This page is not created by, affiliated with, or supported by Slack Technologies, Inc.
2023-08-17
Channels
- # announcements (7)
- # babashka (24)
- # beginners (11)
- # boot (16)
- # calva (46)
- # cider (5)
- # clara (3)
- # clj-kondo (2)
- # cljfx (5)
- # clojure (122)
- # clojure-brasil (26)
- # clojure-dev (20)
- # clojure-europe (20)
- # clojure-germany (1)
- # clojure-nl (1)
- # clojure-norway (54)
- # clojure-uk (2)
- # clojurescript (6)
- # core-matrix (23)
- # datomic (85)
- # graalvm (1)
- # honeysql (9)
- # hyperfiddle (31)
- # lsp (3)
- # malli (9)
- # nbb (2)
- # off-topic (15)
- # pathom (15)
- # pedestal (4)
- # polylith (5)
- # re-frame (5)
- # reitit (9)
- # releases (2)
- # shadow-cljs (63)
- # specter (4)
- # xtdb (7)
A https://clojurians.slack.com/archives/C061XGG1W/p1692258947029469 (translating to English/paraphrasing): > Why is the new Datomic Local based on the Client API (which lacks entity) and not the Peer API? Someone at Cognitect could perhaps shed some light on the reasoning behind this decision.

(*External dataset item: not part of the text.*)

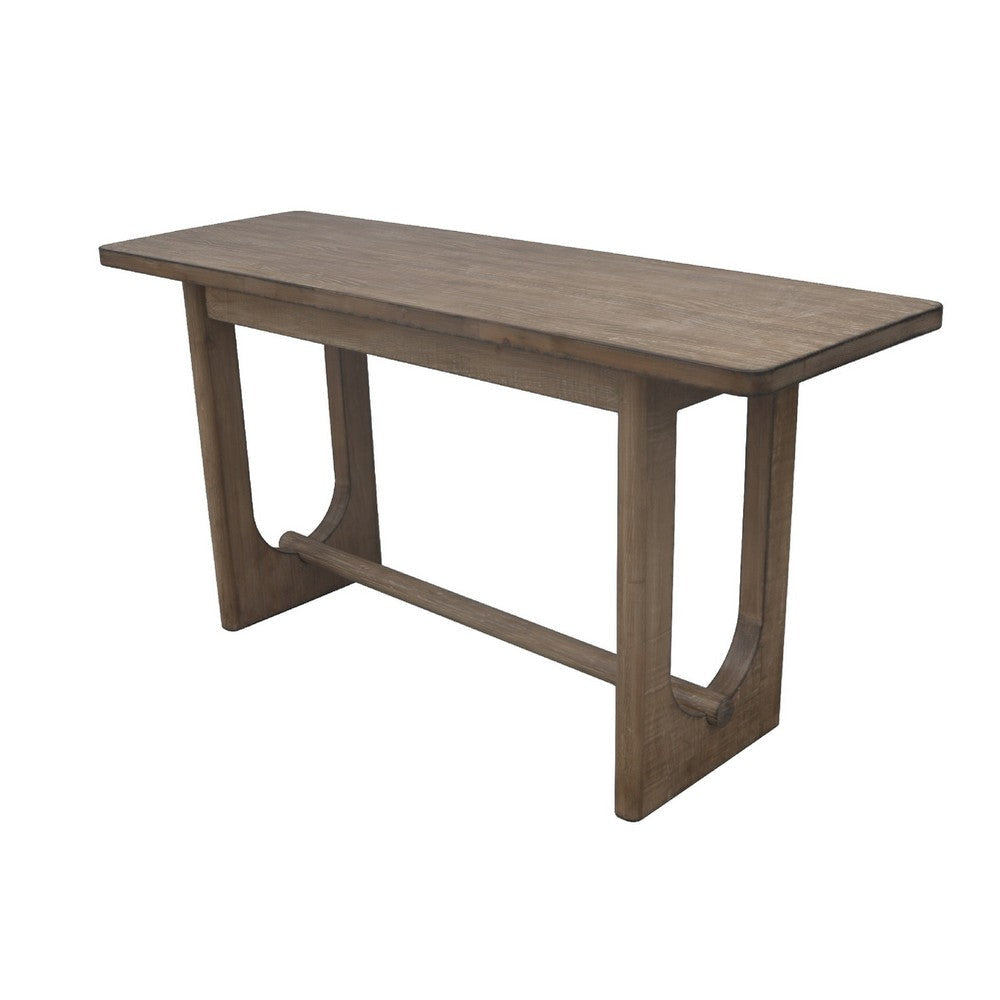 Homa Counter Table | Antique Natural Finish | Modern Arched Base 72’’ BM338170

Datomic with the client API is “only” better than any other database. With the peer API, you also get functional programming nirvana 😄

https://clojurians.slack.com/archives/C061XGG1W/p1692262410699429?thread_ts=1692258947.029469&cid=C061XGG1W (partially in English).
Some background may be useful: Datomic Local was dev-local. dev-local was/is the local development for Datomic Cloud. Which of course uses the Client API
Possibly a dumb follow-up question: Why doesn't Datomic Cloud support the same awesome Peer library as "on-prem" Datomic Pro?
The peer library requires a large runtime and significant network resources (ie a peer with a direct connection to storage and a big object cache) to implement. The client library is designed for use over a network, where the compute and IO needed for query is not supplied by the client (ie the client is not a peer). You can use client in an embedded peer, as is done by ions and local, but the api imposes assumptions that make it possible to run that same code not on a peer. The peer api cannot do this because it cannot be implemented in a lightweight, not-peer way.
The entity api in particular is lazy and synchronous, and amortizes the cost of that laziness with the object cache and log index merging, both of which require lots of memory and network. The same api without those would be intolerably slow, as each key lookup would be a network round trip
In fact it can still be bad even in a peer-the temptation to entity walk and map/filter to “query” instead of using d/q is real and can cause significant performance problems that are hard to detect. It is also unpredictably slow because it can actually do IO, but only sometimes!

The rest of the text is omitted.